“Fluvius” and the dead boy from the Danube – Bavaria

For more than a year, the investigation into the boy found dead in the Danube has been a mystery to the investigators at the Ingolstadt police station. Cooperation with the international criminal police organization Interpol could now bring new investigative successes. The police cooperation of the Free State with Interpol and the 100th anniversary of the organization were now celebrated with a ceremony in the Bavarian Ministry of the Interior. The “Fluvius” case was also a topic at the event.

In May last year, a canoeist discovered a dead boy in the Danube near Großmehring, east of Ingolstadt, Chief Inspector Michael Eiglsperger recalls finding the child. Wrapped in plastic and with a cobblestone on the foot, the child was sunk in the river. The investigators assume a violent crime and have been trying in vain to find out the boy’s identity ever since. It is only known that the body is a boy between five and six years old, who is about 1.10 meters tall and weighs about 15 kilos. Investigators were also able to determine that the boy has type 0 blood. Despite intensive investigations, the boy’s identity remains unclear, reports Eiglsperger.

The “Fluvius investigation group” is now hoping for new insights from the cooperation between the State Criminal Police Office and the intergovernmental organization Interpol, reports the Chief Inspector. With the help of a facial reconstruction of the dead boy, the boy’s identity is now being sought internationally in addition to the national and regional investigations. At the request of the German authorities, an appeal was sent to Interpol member states for information to identify the dead boy.

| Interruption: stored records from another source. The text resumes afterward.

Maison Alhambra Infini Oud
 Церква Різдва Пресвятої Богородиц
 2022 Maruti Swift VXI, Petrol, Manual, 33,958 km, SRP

Joint searches by the Free State and Interpol have often led to success in the past. The Bavarian police benefit from Interpol, for example, through access to the international property search database. It stores 116 million records of lost, stolen or invalidated passports and identification documents that officers can access when searching for missing persons or fugitives. Interior Minister Joachim Herrmann is therefore “firmly determined to further intensify cooperation with Interpol”.

In the “Fluvius” case, too, cooperation with Interpol should bring about a breakthrough in the investigation. Despite a search by the Federal Criminal Police Office with ads on information screens and a contribution to the ZDF television program “Aktenzeichen XY… unsolved”, the investigators were still unable to report a breakthrough more than a year after the body was found. All of the authority’s capacities will be used to identify the boy, said Interpol Secretary General Jürgen Stock. Anyone who believes the boy may have been a family member can have a DNA kinship match done through national police agencies and Interpol.